=== Section Start ===
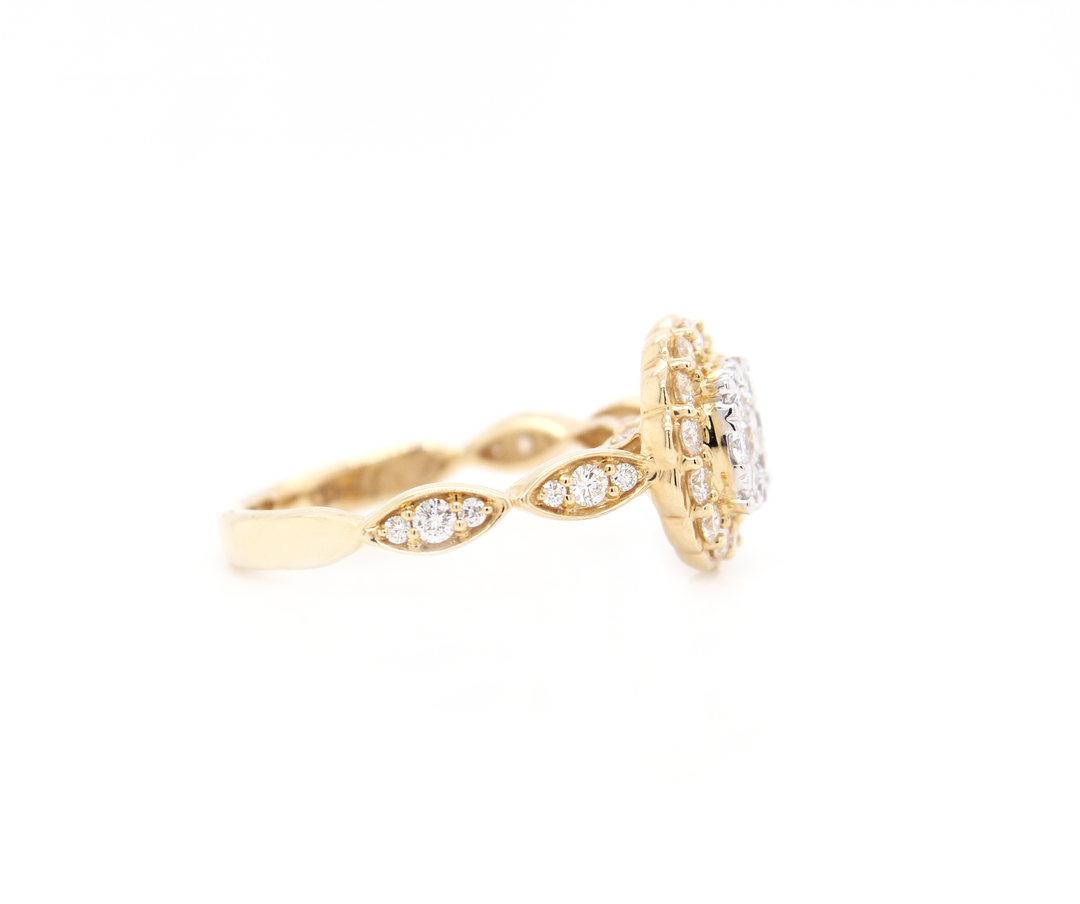 Round Diamond Cluster Illusion Halo Engagement Ring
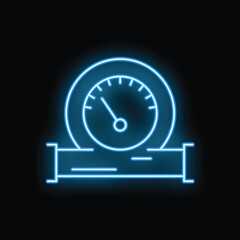 Poster - Neon blue gauge measuring pressure in pipeline icon illustration on black background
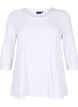 T-shirt en coton de base &agrave; manches 3/4, Blanc, Packshot image number 0
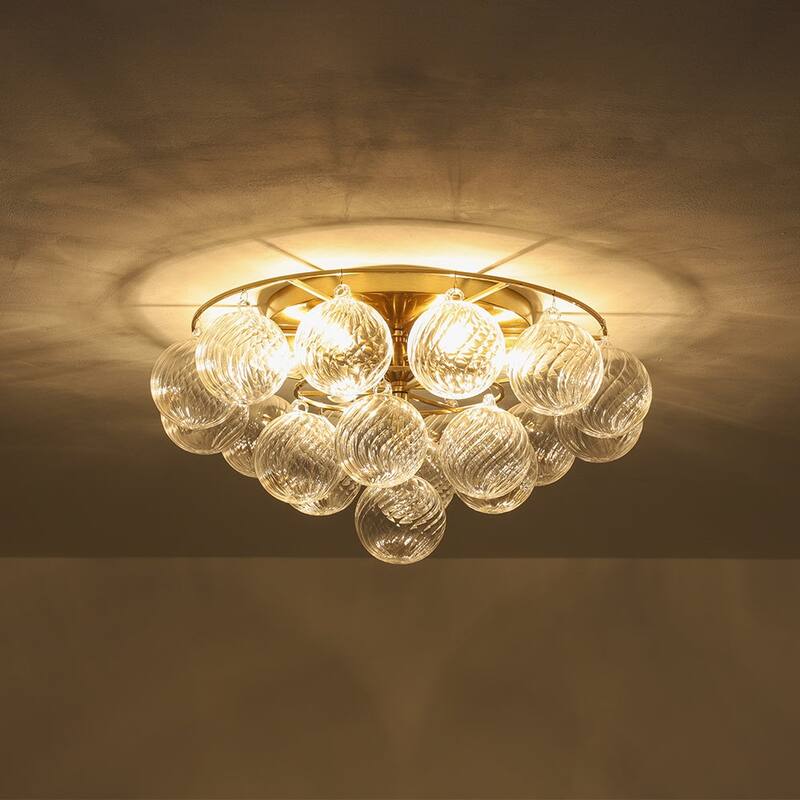 Mid-Century Modern 6-Light Ribbed Glass Globe Bubble Semi Flush Mount
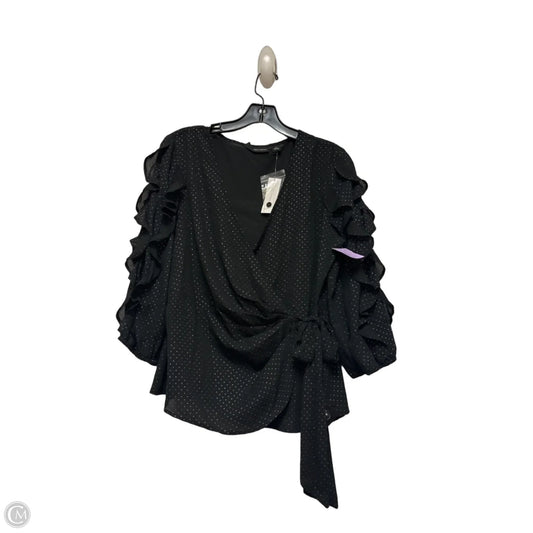 Top Long Sleeve By New York And Co In Black & Gold, Size: S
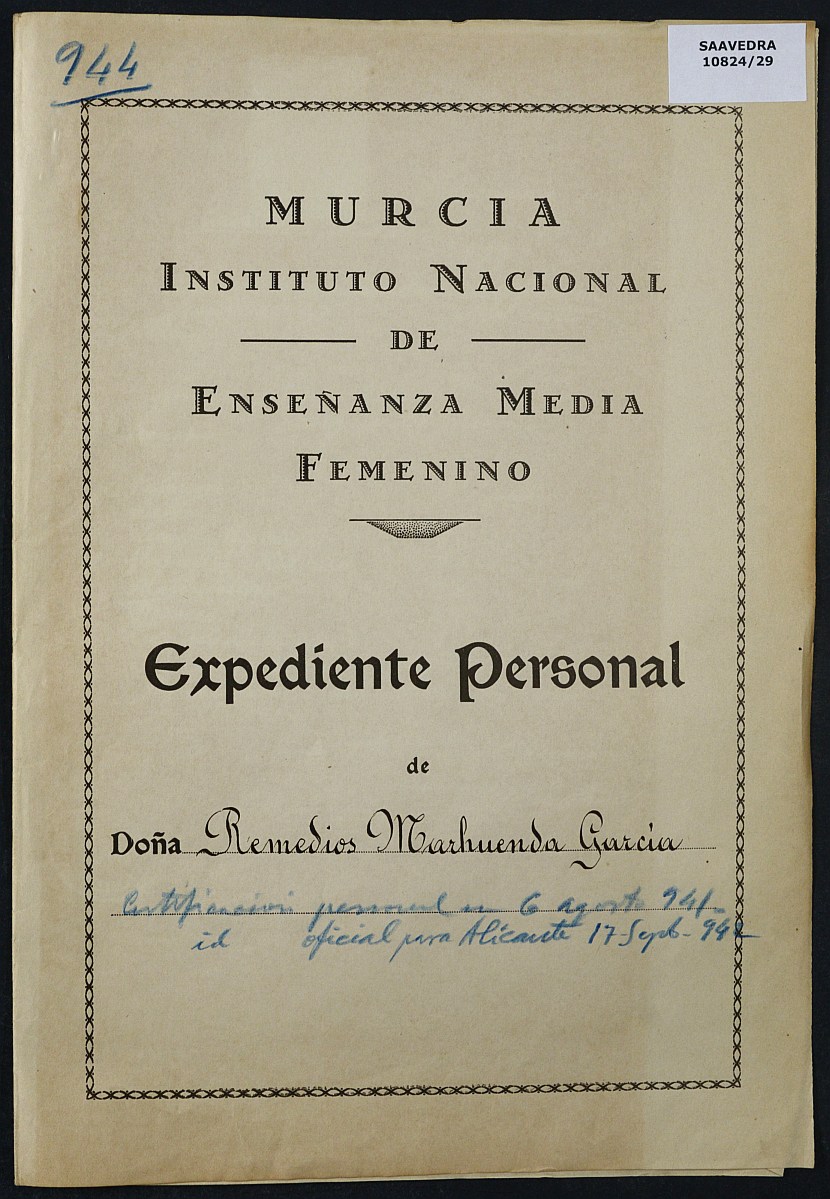 Expediente académico nº 944: Remedios Marhuenda García.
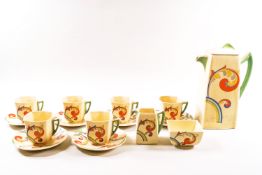 A Royal Doulton 'Duveen' pattern Syfen D3102 coffee service, together with a Sylvac jug,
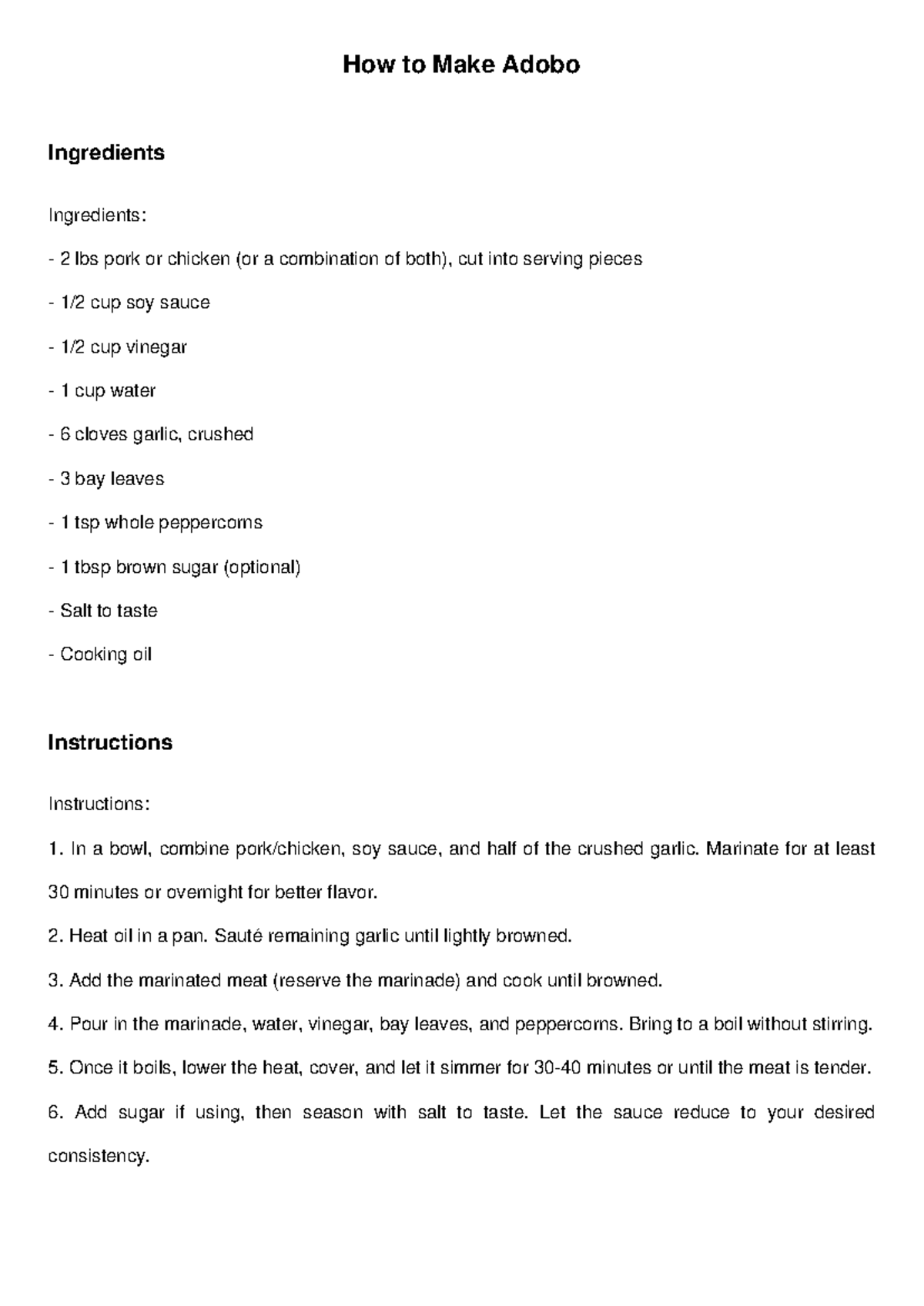 Cooking Guide: How to Make Adobo (Recipe) - Studocu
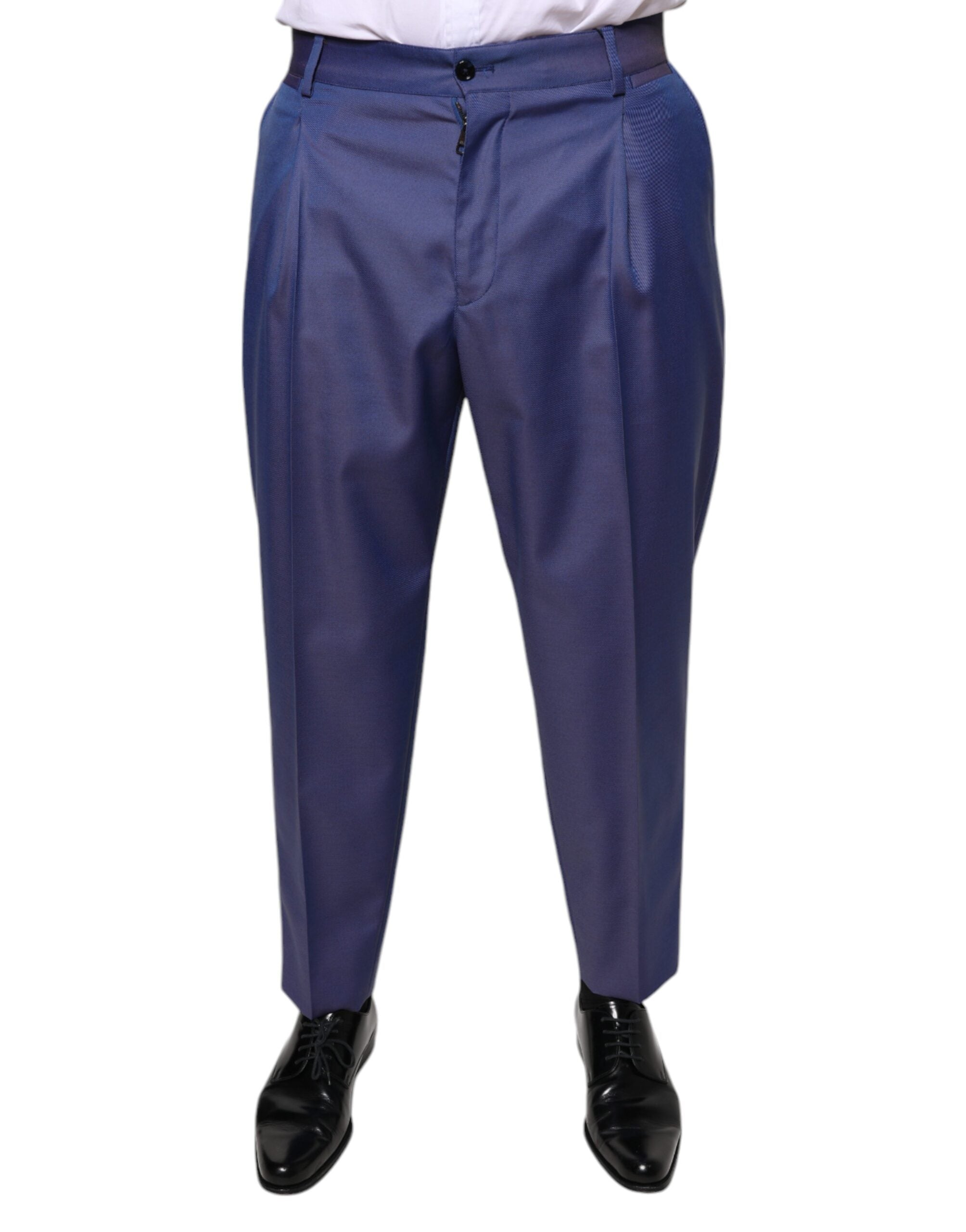 Pantalones de traje formal cónicos azules de lana de Dolce & Gabbana-1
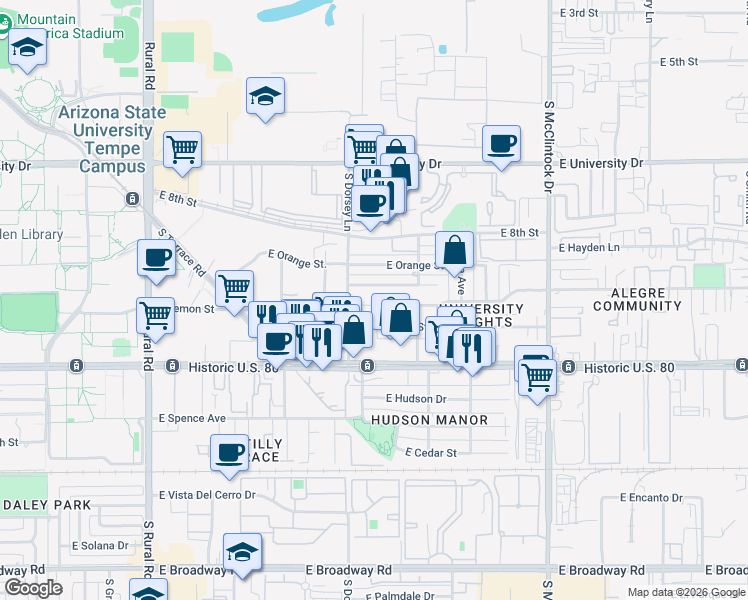 map of restaurants, bars, coffee shops, grocery stores, and more near 1318 East Lemon Street in Tempe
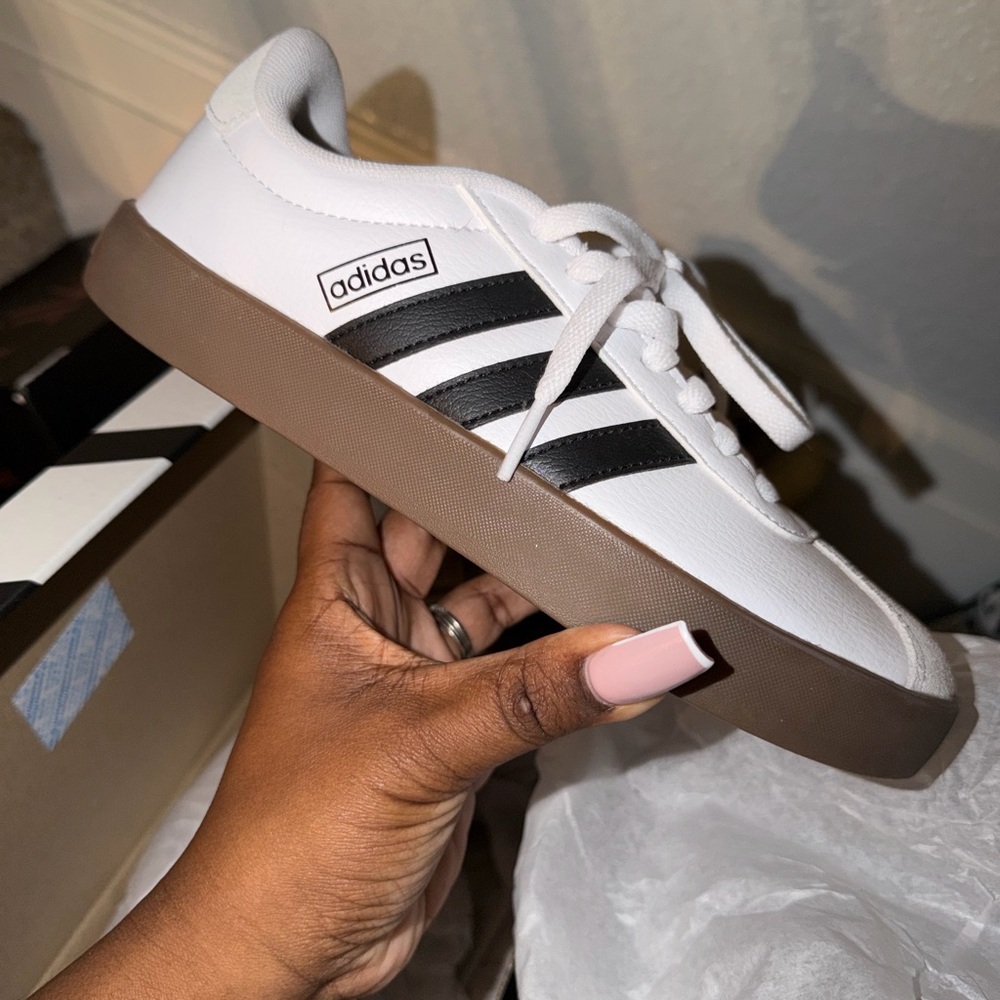 SOLD Adidas Classic White and Black Shoes with Brown Sole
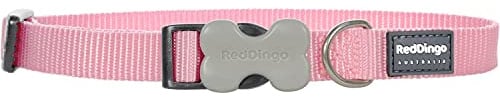 Red Dingo Einfaches Hundehalsband aus Nylon mit einzigartigem Verschluss, verstellbar, in Größe L und Farbe Rose, für alle Hunderassen und Altersstufen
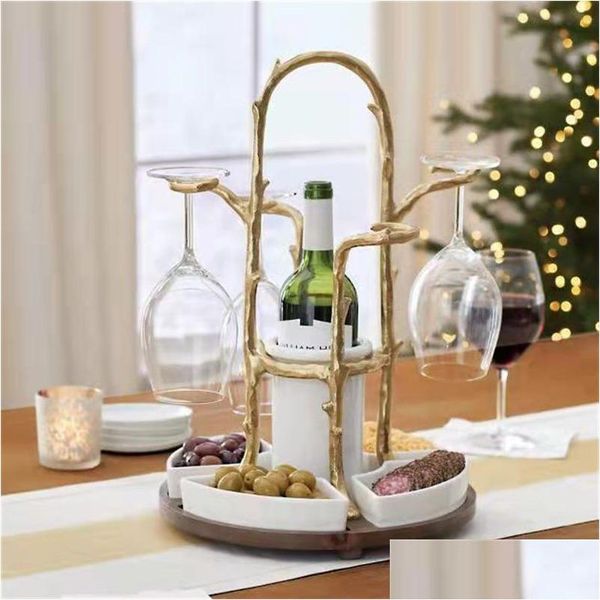 Pratos Pratos Resina de Carvalho Dourado Artesanato Pássaro de Natal Tigela Snack Rack Decoração Criativo Memorial Home Sala de Estar Drop Delivery Gar Dhlk6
=== Section End ===
**What you should do**: Exact copy, pictures omitted: every line from the one holding "Red Dingo Einfaches" through the last line of the data above, and nothing else.

**Exercise answer**:
 Red Dingo Einfaches Hundehalsband aus Nylon mit einzigartigem Verschluss, verstellbar, in Größe L und Farbe Rose, für alle Hunderassen und Altersstufen
 Pratos Pratos Resina de Carvalho Dourado Artesanato Pássaro de Natal Tigela Snack Rack Decoração Criativo Memorial Home Sala de Estar Drop Delivery Gar Dhlk6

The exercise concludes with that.